In one exercise, we were asked to imagine ourselves into the scene and identify with one of the characters. Am I at all like Mary with her extravagant, but appropriate, worship? Am I like the self-serving Judas? Or am I more like practical but critical Martha, frowning from the kitchen?

At the suggestion of the “practical but critical Martha,” my mind did one of those something’s-wrong-with-this-picture double-takes, like with those drawings in kids’ magazines where you have to find all the things that aren’t quite right—the upside-down clock, an ear where a nose should be, etc. The frowning Martha wasn’t quite right.

This suggested image harkens back to an earlier story, of course, where Martha does indeed frown and complain about her sister’s inconsideration in not helping with meal preparation (Luke 10:30-42). Jesus’ response both challenges and comforts: “Martha, Martha,” the Lord answered [here I can see him lightly touching her face], “you are worried and upset about many things, but only one thing is needed. Mary has chosen what is better, and it will not be taken away from her.”

I love it that Jesus says her name twice. In so many of his conversations with women, Jesus addresses them simply as, “Woman.” This repetition of Martha’s name is full of affection and affirmation, even as he takes her attitude to task.

The story in Luke ends with Jesus’ rebuke to Martha, but Martha’s story continues. Here we have to read between the lines (or, better stated, between the stories). My educated imagination sees Martha as teachable. I think she took to heart what Jesus told her, helped along by how he said it. I see her mulling over the “one thing needed” that her sister had got right. I see her changing, perhaps not all at once, but ever more deeply, learning to find her own way of listening to Jesus and letting her service become worship.

One clue that this might be happening comes in a story that falls between the Luke 10 and the John 12 stories. In John 11, Jesus again comes to the home of Martha, Mary and Lazarus. This, of course, is the story of the resurrection of Lazarus from the dead, but much of the detail involves Jesus’ interactions with the two sisters. It’s interesting that John states, early in the chapter, that “Jesus loved Martha and her sister and Lazarus,” specifically naming Martha.

Martha, still the more practical, cerebral sister, is the one who comes out to meet Jesus, and their conversation reveals her growing faith and understanding of who Jesus is (although a few surprises await her). I see here a different Martha, one who has changed from the woman Jesus rebuked earlier.

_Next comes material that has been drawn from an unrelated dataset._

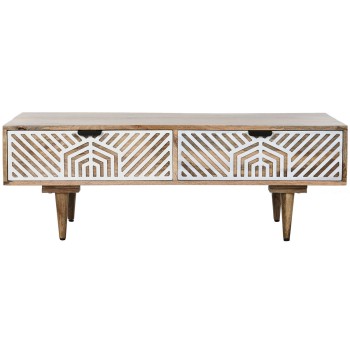 Tavolino da Caffè Home ESPRIT Bianco Legno di mango 115 x 60 x 40 cm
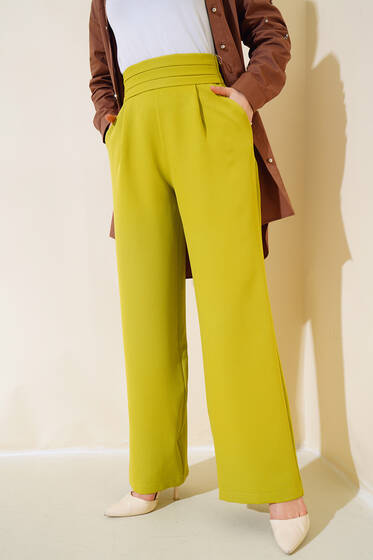 Beli Üç Katlı Bol Paça Pantolon Yağ Yeşili - Kumaş Pantolon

Mary is still the more emotional, intuitive sister, the one who leads from the heart. Her beautiful costly sacrifice as she anoints Jesus' feet (John 12) continues to inspire and encourage those of us who would also be followers and lovers of Jesus.

But I can’t see Martha in this scene as the critical, resentful woman she once was. The only thing the text says about her in this story is simply that “Martha served.” Martha is still Martha, more prone to action than reflection, called to a life of practical service. But as she watches Mary pour out the perfume on Jesus’ feet and wipe those feet with her hair—strange behavior indeed—and as the fragrance begins to fill the room, perhaps something deep within Martha whispers, “Yes.” Perhaps she slowly begins to smile. Perhaps she, too, worships. Perhaps.

Anyway, a thank you to Cherice for opening the Scriptures to us in such a way that we enter the story. Or, better yet, that the story enters us. I take as my challenge this week the joining of my active and contemplative responses as I seek to follow Jesus…

--with both heart and head…
--in silence and in service…
--extravagantly and in simplicity…

Yes, Lord.

1 comment:

  1. Nancy,

    Thanks for this post! Sorry I didn't comment on it earlier. But I really appreciate your reworking of Martha's story. I felt like I was kind of giving her the short end of the stick, or perhaps seeing her as a flat character instead of allowing her to come to life in my sermon, so I appreciate you letting God 3-dimensionify her. =)

    I feel like it's so hard to balance those things you list at the end, head/heart, silence/service, extravagance/simplicity. And yet the people who manage to do this (with God's help!) are the ones we remember: Mother Teresa, Martin Luther King, Jr., St Francis and St Clare, so many monks and nuns throughout history, and Quakers, too! I love this about Friends, but I find it hard to not get stuck in the contemplation part spiritually speaking, and in the practical part in everyday life. So hopefully like Martha in your version of her story, I can learn to integrate these more fully and to truly worship in the ways I'm called.